Shadow of the Colossus est un de mes jeux favoris. Sorti fin 2005, le jeu se montre comme l'une des figures ludiques les plus mémorables et les plus appréciées des hautes sphères du monde du gaming. Développé au sein de la team Ico et conçu par le brillant Fumito Ueda, Shadow of the Colossus est à mon sens une des propositions phares de l'histoire du média. Et ce pour plusieurs raisons. Ce qui est intéressant avec Shadow of the colossus, dans un premier temps, c'est ce qu'il parvient à transmettre et à évoquer chez une très grande majorité d'individus et l'impact émotionnel qui peut s'en ressentir.
Le jeu consiste globalement en l'affrontement de différents colosses, monstres dont on comprend assez peu la nature et la composition, le but étant pour le jeune personnage que l'on incarne de délivrer sa belle Juliette de la mort en abattant ces créatures gigantesques. Le pitch est simple, l'idée générale du jeu aussi. Il faut abattre 16 boss point. Pas de chichi. Le tout dans un univers open-world relativement grand pour mieux mettre en exergue la solitude du héros dans sa quête orphéenne et créer un environnement approprié à des créatures aussi gigantesques. Ce qui me plait dans Shadow of the Colossus c'est la simplicité avec laquelle le game-design s’intègre à la formule ludique du titre.
C'est simple, hormis une caméra un peu dérangée et des errances techniques, le travail ludique est porté par une simplicité d’exécution qui à mes yeux poussent au prodige. Votre personnage se manie très simplement, dispose seulement de ce qui lui est nécessaire (une épée, un arc pour attirer l'attention de l'ennemi, un cheval pour se déplacer, une barre de vie) et doit trouver le moyen d'utiliser le level-design à sa portée pour attirer/monter/trouver les points faibles/abattre le colosse. Le tout dans une mise en scène dantesque, appuyée par une bande originale d'une beauté sans nom, inimitable.

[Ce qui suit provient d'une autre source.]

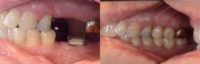 Dental Implant Bridges to Replace Missing Back Teeth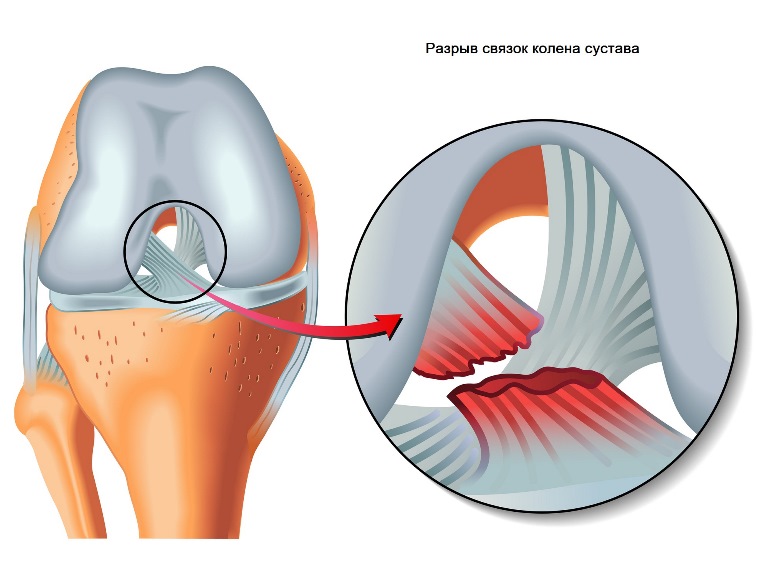 Код мкб 10 гемартроз правого коленного сустава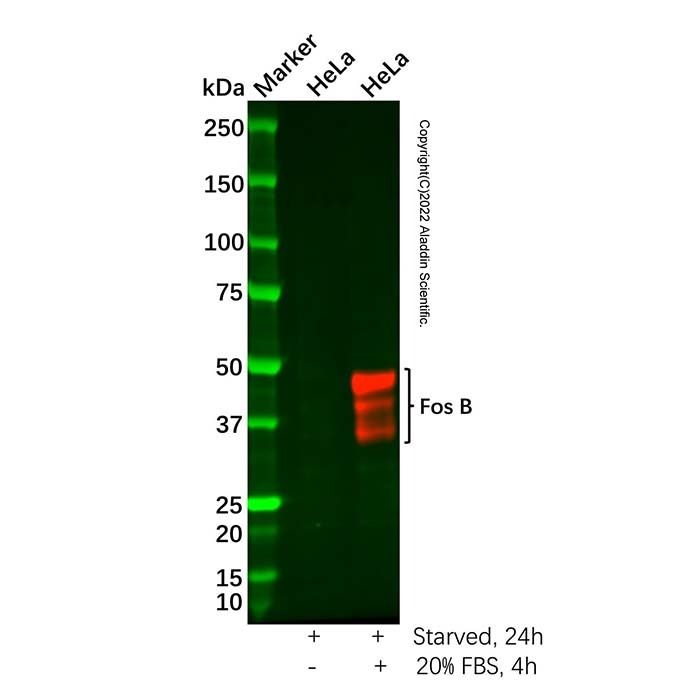 Recombinant Fos B Antibody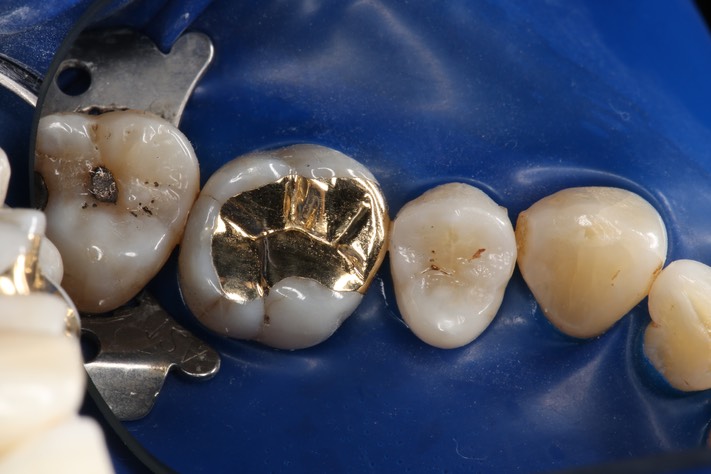 Mark Chun #14 finish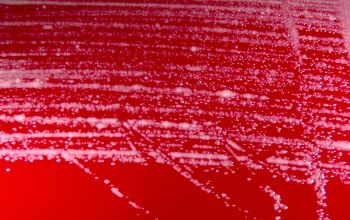 Tsukamurella species Blood Agar 48h culture incubated with O2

La simplicité d'action et l'habillage sonore et visuel rendent ces affrontements extrêmement grisants et mémorables parce qu'il n 'y a rien de trop et il n'y a rien d'inutile. Je me demande encore pourquoi certains se plaignent. Si vous voulez du RPG ça existe déjà, Shadow of the Colossus propose une formule ludique typée boss Rush qui n'a rien de "non-jeu" comme j'ai pu le lire à droite à gauche. A tel point que certains parlent de vide ludique.... Parce que le jeu ne prêche pas par excès.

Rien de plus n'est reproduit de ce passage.